### WORK TO COMPLETE
Each record below is to be copied exactly; the pictures are to be omitted.

━━ SUPPLIED MATERIAL

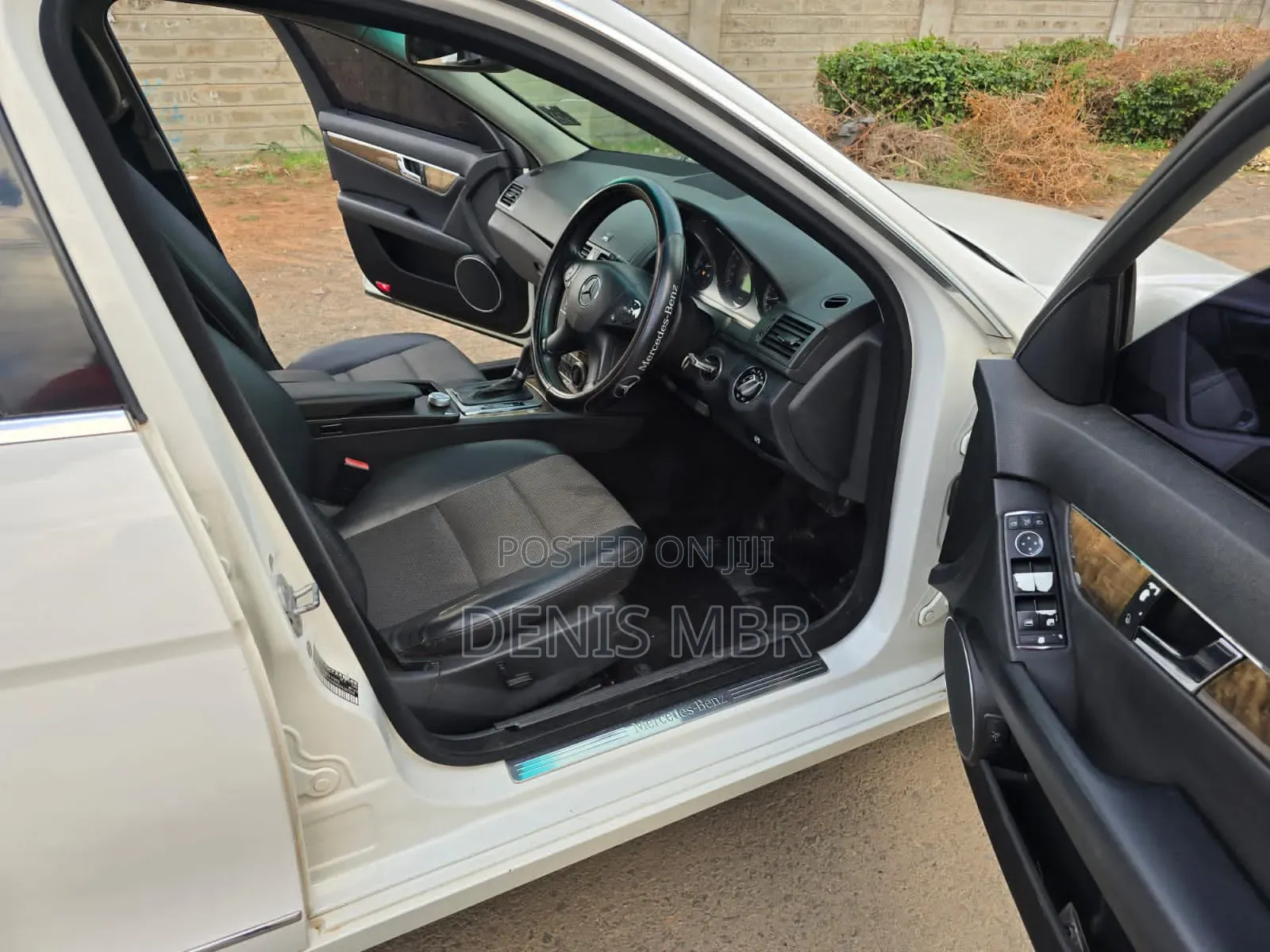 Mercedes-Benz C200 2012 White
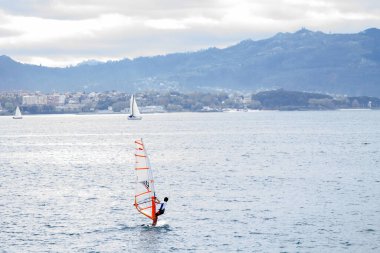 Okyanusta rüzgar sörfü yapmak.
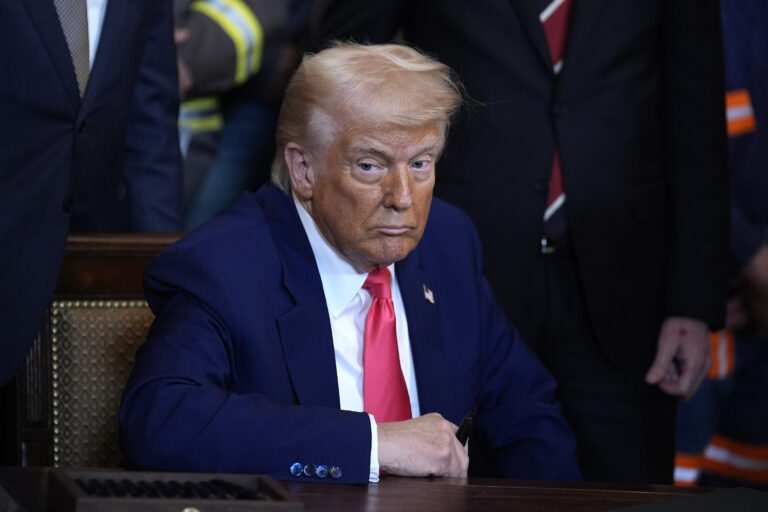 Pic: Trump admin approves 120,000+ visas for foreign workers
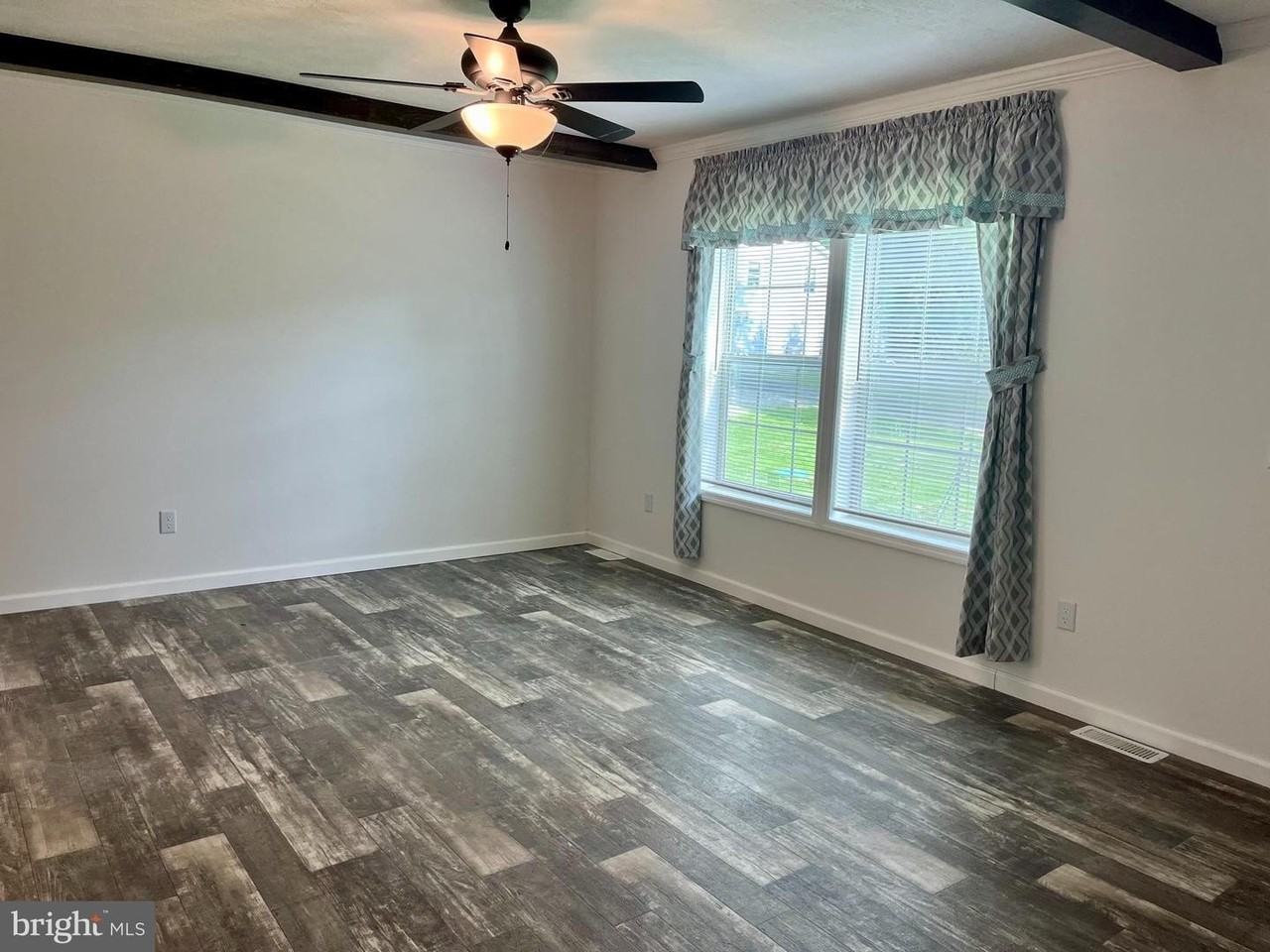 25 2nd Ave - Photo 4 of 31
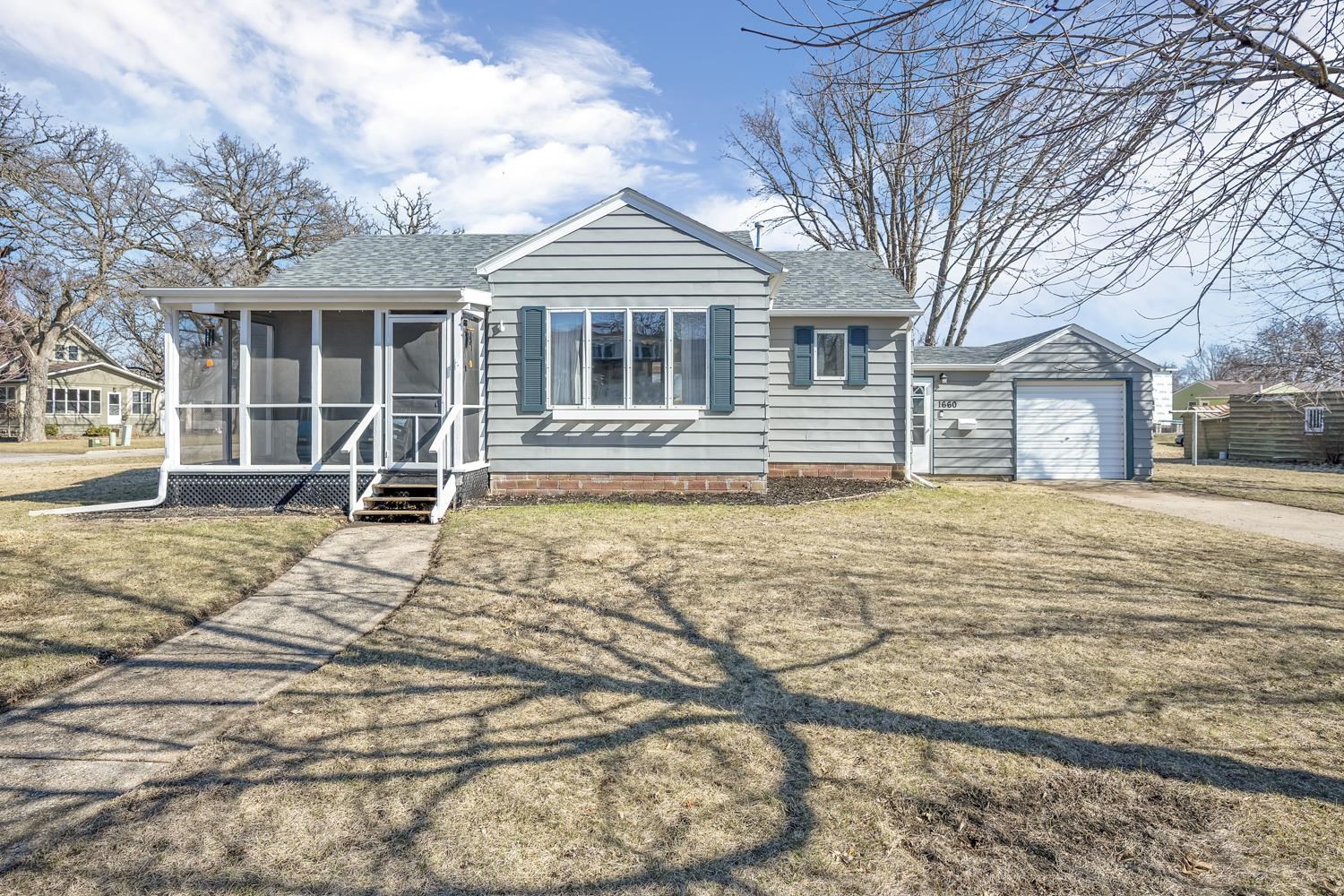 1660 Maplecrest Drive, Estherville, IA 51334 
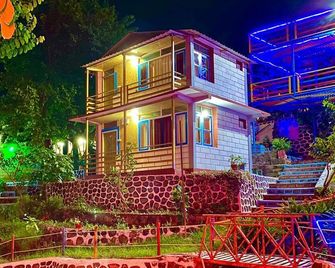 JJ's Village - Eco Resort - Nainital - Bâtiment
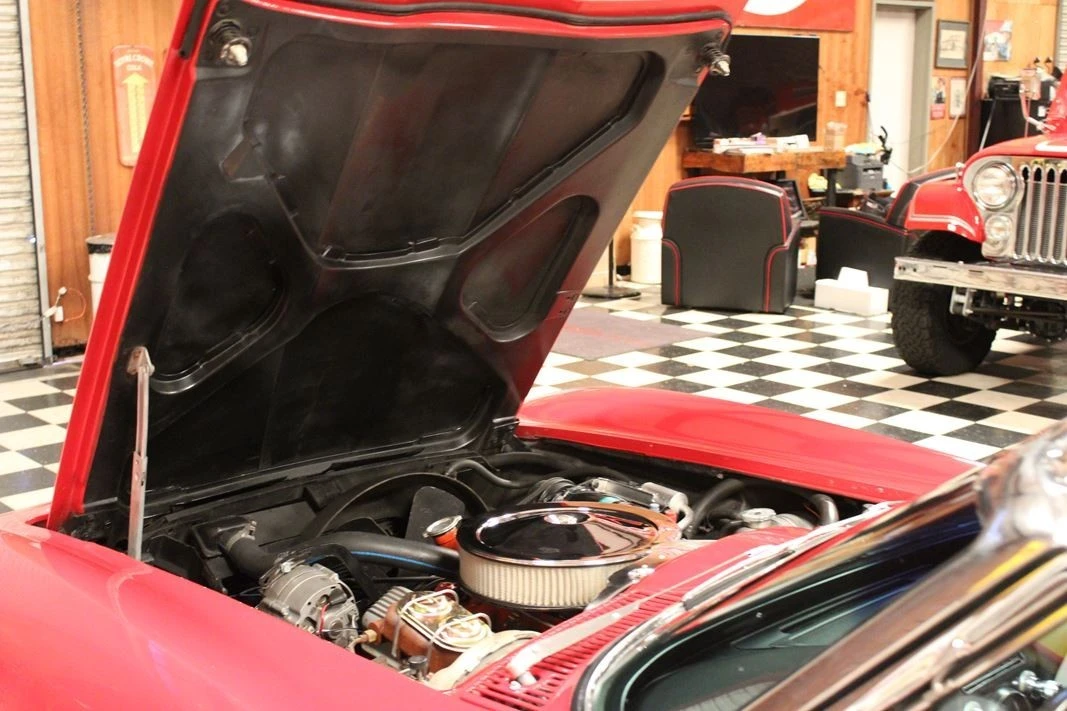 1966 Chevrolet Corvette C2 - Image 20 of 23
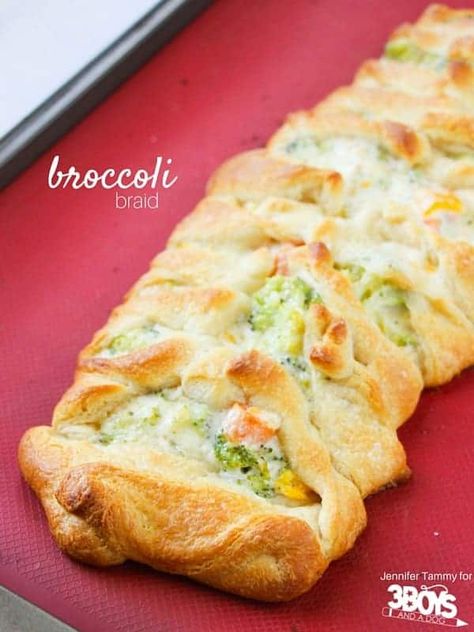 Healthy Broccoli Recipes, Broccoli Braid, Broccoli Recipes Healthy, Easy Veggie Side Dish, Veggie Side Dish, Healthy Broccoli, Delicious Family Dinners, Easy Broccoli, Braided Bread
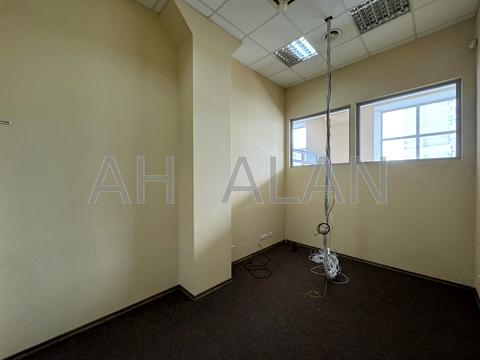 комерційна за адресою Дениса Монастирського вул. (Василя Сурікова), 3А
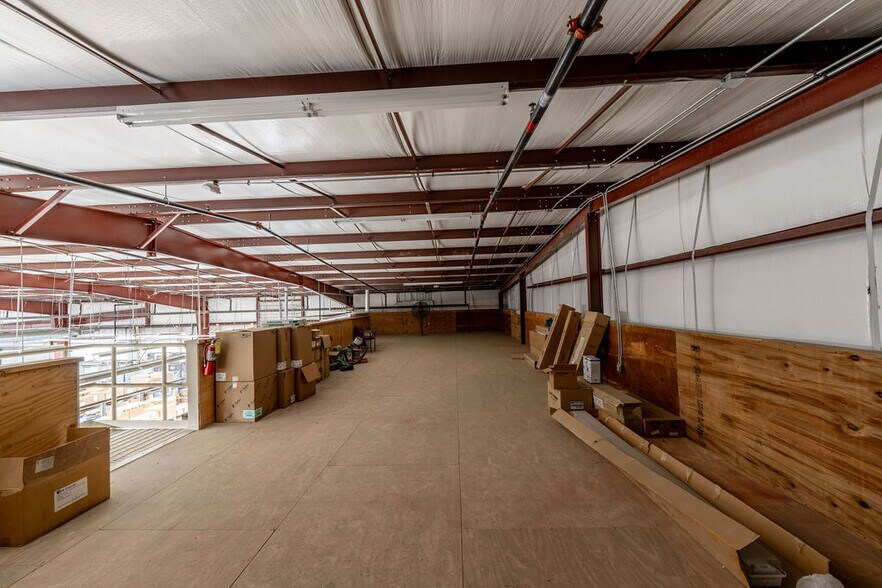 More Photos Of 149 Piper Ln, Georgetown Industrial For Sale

━━━━

### THE ANSWER
 Mercedes-Benz C200 2012 White
 Okyanusta rüzgar sörfü yapmak.
 Pic: Trump admin approves 120,000+ visas for foreign workers
 25 2nd Ave - Photo 4 of 31
 1660 Maplecrest Drive, Estherville, IA 51334 
 JJ's Village - Eco Resort - Nainital - Bâtiment
 1966 Chevrolet Corvette C2 - Image 20 of 23
 Healthy Broccoli Recipes, Broccoli Braid, Broccoli Recipes Healthy, Easy Veggie Side Dish, Veggie Side Dish, Healthy Broccoli, Delicious Family Dinners, Easy Broccoli, Braided Bread
 комерційна за адресою Дениса Монастирського вул. (Василя Сурікова), 3А
 More Photos Of 149 Piper Ln, Georgetown Industrial For Sale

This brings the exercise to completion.